=== Task statement ===
Copy the data exactly, pictures aside.

=== Collected data ===
= Beginning of Section =
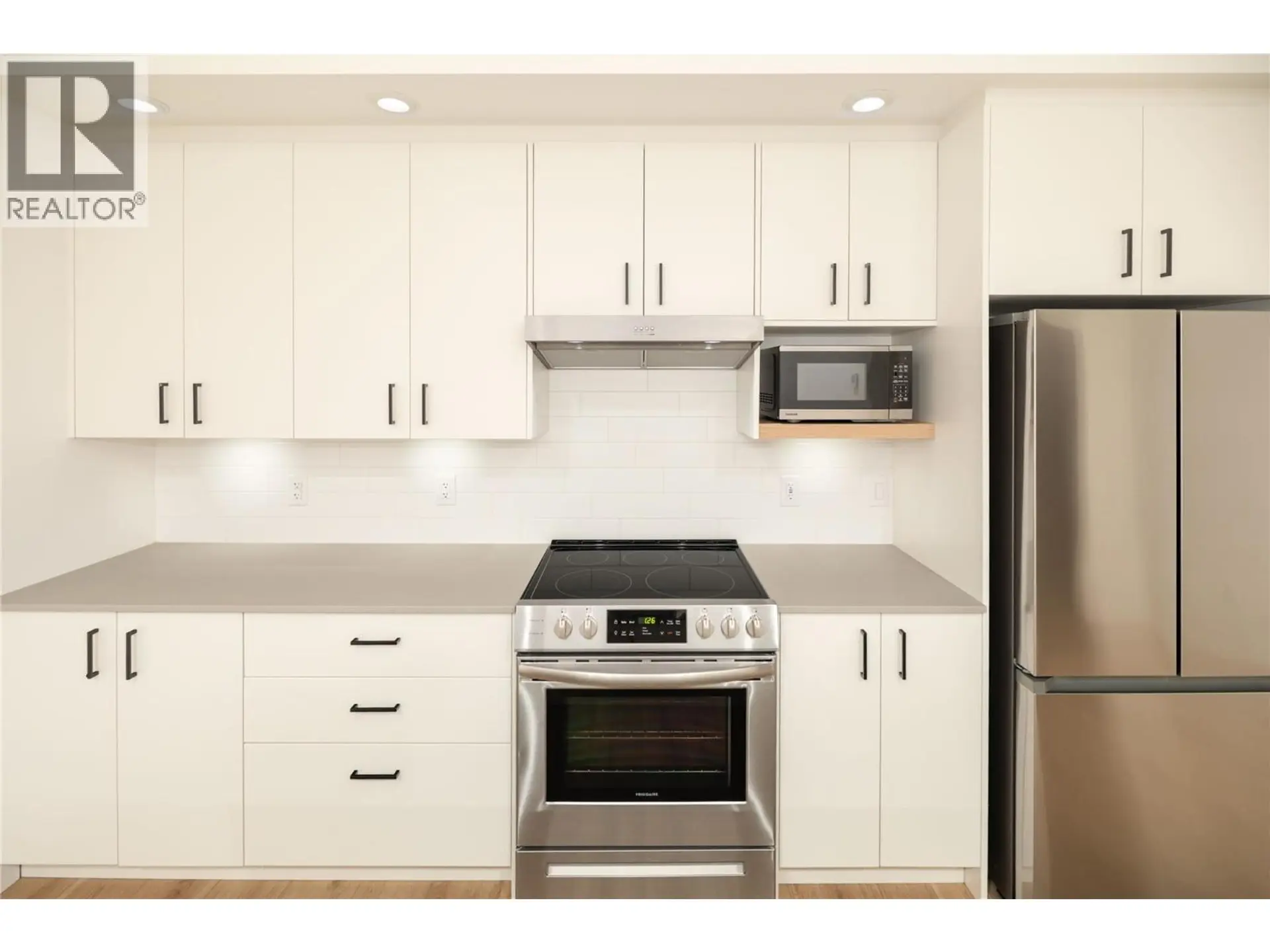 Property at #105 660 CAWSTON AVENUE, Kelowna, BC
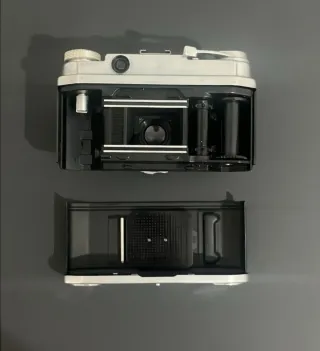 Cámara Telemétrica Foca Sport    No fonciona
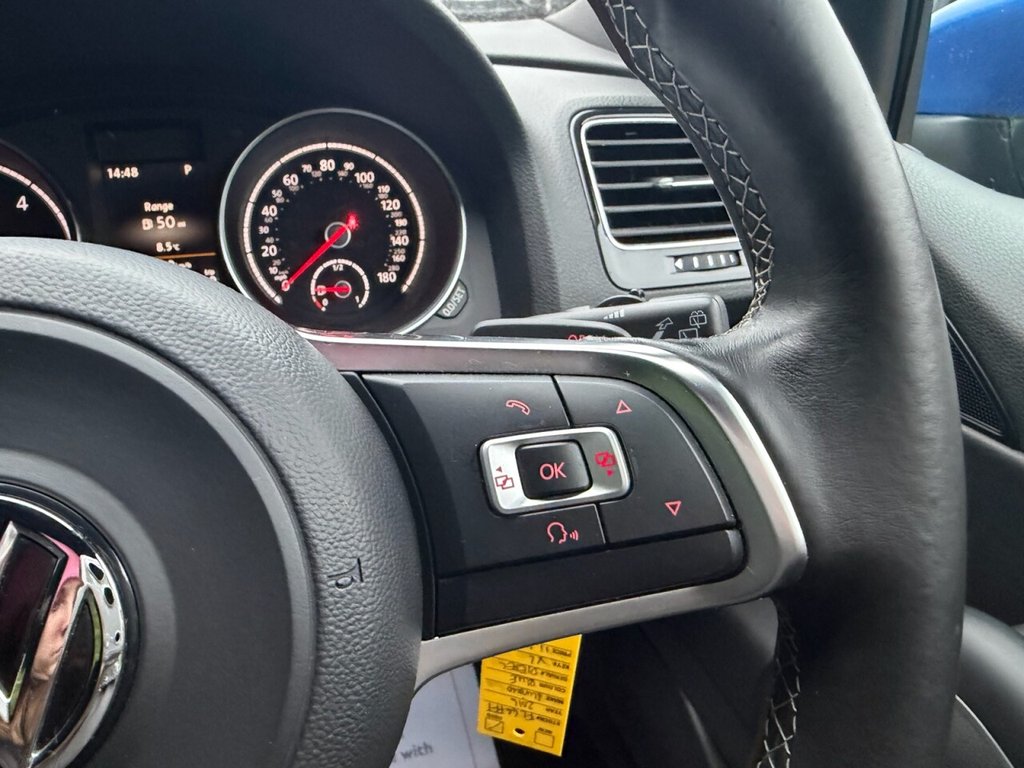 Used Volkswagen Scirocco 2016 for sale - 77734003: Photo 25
= End of Section =
=== Task output ===
 Property at #105 660 CAWSTON AVENUE, Kelowna, BC
 Cámara Telemétrica Foca Sport    No fonciona
 Used Volkswagen Scirocco 2016 for sale - 77734003: Photo 25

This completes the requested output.